When it comes to training Millennials, more is more. As the saying goes, “Give a Millennial a fish and you feed him for a day. Teach a Millennial to fish and you feed him for a lifetime.” Or something to that effect. That philosophy applies quite well when it comes to sales, especially because many of today’s training procedures are of the one-and-done variety.

On outsourcing sales training to big name experts, Heinz Marketing CEO Matt Heinz says, “Everyone has their notepads out and is engaged, and you think you’re all set. But then once the presentation is over, the speaker leaves your sales team hearing about a different aspect of sales, your product, or what have you. And they spend the rest of the afternoon doing that. Guess what?

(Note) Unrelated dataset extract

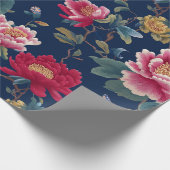 Chinoiserie-Blumenmuster Geschenkpapier (Ecke)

By the end of the day, your reps have forgotten almost everything they’ve just learned about social selling.”

Ultimately, says Heinz, training isn’t something you accomplish with a single session, even if you pay a lot of money for that single session! Instead, “You have to keep coaching and continue training throughout the year in order to keep people developing.” Modern technology has contributed to the shortening of people’s attention spans, and your business must react to this trend by committing to long-term training for all ages, not just for Millennials.

Incentives

Sales is a traditionally commission-based business segment. So any Millennials on your sales team clearly got into sales for the money and can be incentivized easily with offers for more money, right? Not necessarily.

Money is great, and allows people to do things with their lives that they might not otherwise be able to do. But everyone likes instant gratification, and Millennials seem to crave it a little bit more than other generations because they grew up in an evolving, immediate world. Barrows says that many new sales reps value their “workplace environment and recognition” above any other incentives you could offer to them. Whatever this means in your particular organization (parties, material rewards, more freedom, more responsibility, etc.), it’s important to find a point of connection through which you can motivate the younger members of your sales team.

While Millennials truly aren’t that different from the members of previous generations, it can be hugely beneficial to your organization to have a set structure in place for them in terms of day-to-day operations, training, and incentive programs. With the right framework set up, the performance of your Millennials can be massively profitable for your company.